Monday, September 16, 2013

The Devil's Double

Directed by Lee Tamahori.
2011. Rated R, 108 minutes.
Ludivine Sagnier
Philip Quast
Mimoun Oaïssa
Raad Rawi
Nasser Memarzia
Tiziana Azzopardi

We follow the exploits of Latif (Cooper), a young Iraqi soldier hired to become the body double of Uday Hussein, son of none other than Saddam Hussein. Okay, hired isn't the right word. Forced is more precise, as in made to under the threat of harm coming to him and his loved ones. Quickly, we find out what was apparently Iraq’s worst kept secret. Uday is a complete psychopath. Life with him is a never ending stream of sex, drugs, rape, and murder. None of this sits too well with the straight-laced Latif. How can our hero possibly escape the hell he’s found himself in? Complicating matters, there’s a girl. There is always a girl. Based on the life story of the real Latif Yahia.

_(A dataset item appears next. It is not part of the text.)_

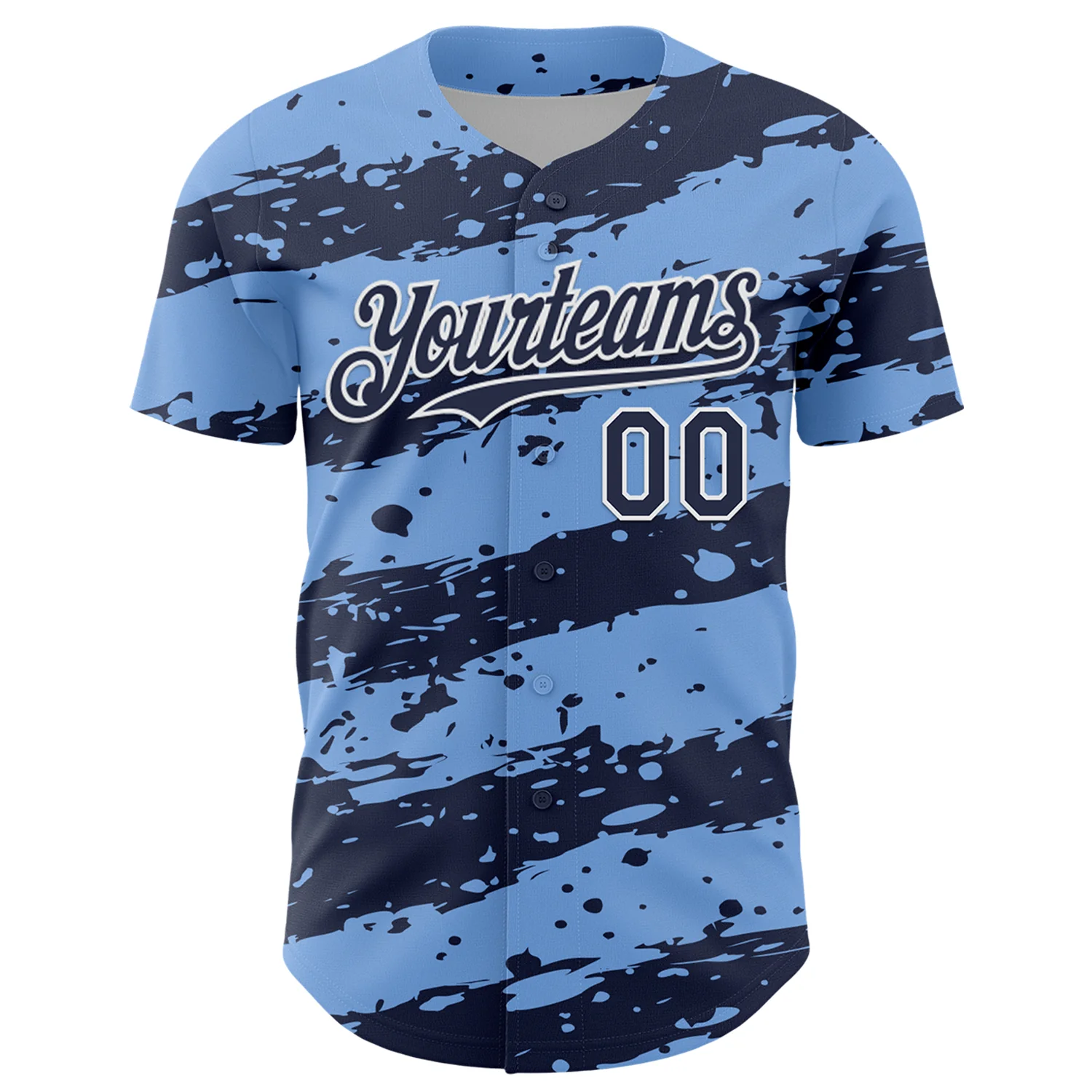 Custom Light Blue Navy-White Paint Splash Stripe Authentic Baseball Jersey - Image 2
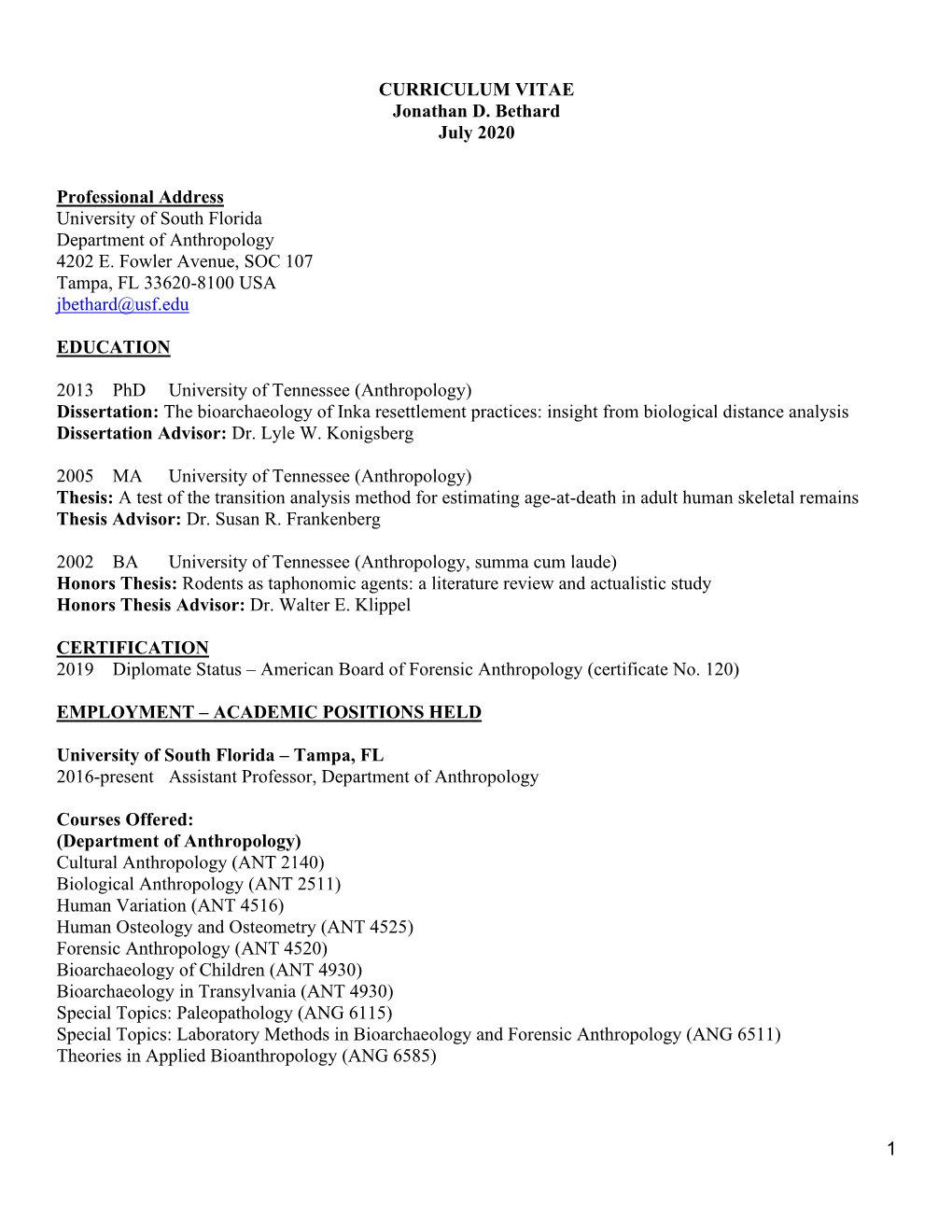 CURRICULUM VITAE Jonathan D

I meant what I said about the never ending stream of sex, drugs, rape, and murder. The movie wastes no time settling into a pattern of showing Uday snort coke, drink, make a lot of noise, commit a violent and often sexual act, then repeating the cycle. The difference between one set and the next is that whatever heinous act he engages in is an attempt to top the last one. While all this is going on, Latif looks on disapprovingly. Actually, he completes the cycle of events by voicing his disdain and/or refusing to do something Uday has ordered him to, at which point we get a battle of wills between the two. This pattern continues throughout the first two acts. It’s interesting simply for the sheer nuttiness of it all, but is isn't particularly thought provoking. We know what each guy is going to do every step of the way. Everything in this world is distinctly black or white. Nothing either man does even slightly veers from the path they started on before the opening credits were finished.

For the third act, we switch gears into The Bourne Identity territory. Of course, our couple on the run is being pursued by a government nut-job instead of shady bureaucrats. This is when the movie starts to rapidly fall apart. Set up and timing go out the window. Our hero, with girl in tow, show up some place and the phone immediately rings with Uday on the other end. The explanation doesn't jive, given our knowledge of the timeline, and leaves us a bit perturbed because we suspected as much but it feels like an impossibility. When we get to the finale, the bottom totally falls out. The movie lets us know that it is exactly what it has been threatening to be. It is a film entirely about Uday Hussein’s penis. Never you mind that the premise is bursting with possibilities. A picture inspired by the true story of the body double of the volatile son of a ruthless dictator during the days leading up to The Gulf War can do no better than showcase the villainy of the pecker. Sigh.

As shallow as it turns out to be, The Devil’s Double is hard to take your eyes off. The insanity is constant and the performances of Dominic Cooper are a sight to behold. As Uday, he chews scenery with reckless abandon. As Latif, he mostly just scowls, but it’s effective. Unfortunately, neither he nor his antics can carry the rest of the movie’s flimsiness. They struggle under the pressure of being its savior. As a result, Cooper’s histrionics as Uday grow tiresome as they become increasingly cartoon-like. This, in turn, crystallizes the main problem. Two men who share a potentially amazing story are reduced to uninteresting archetypes.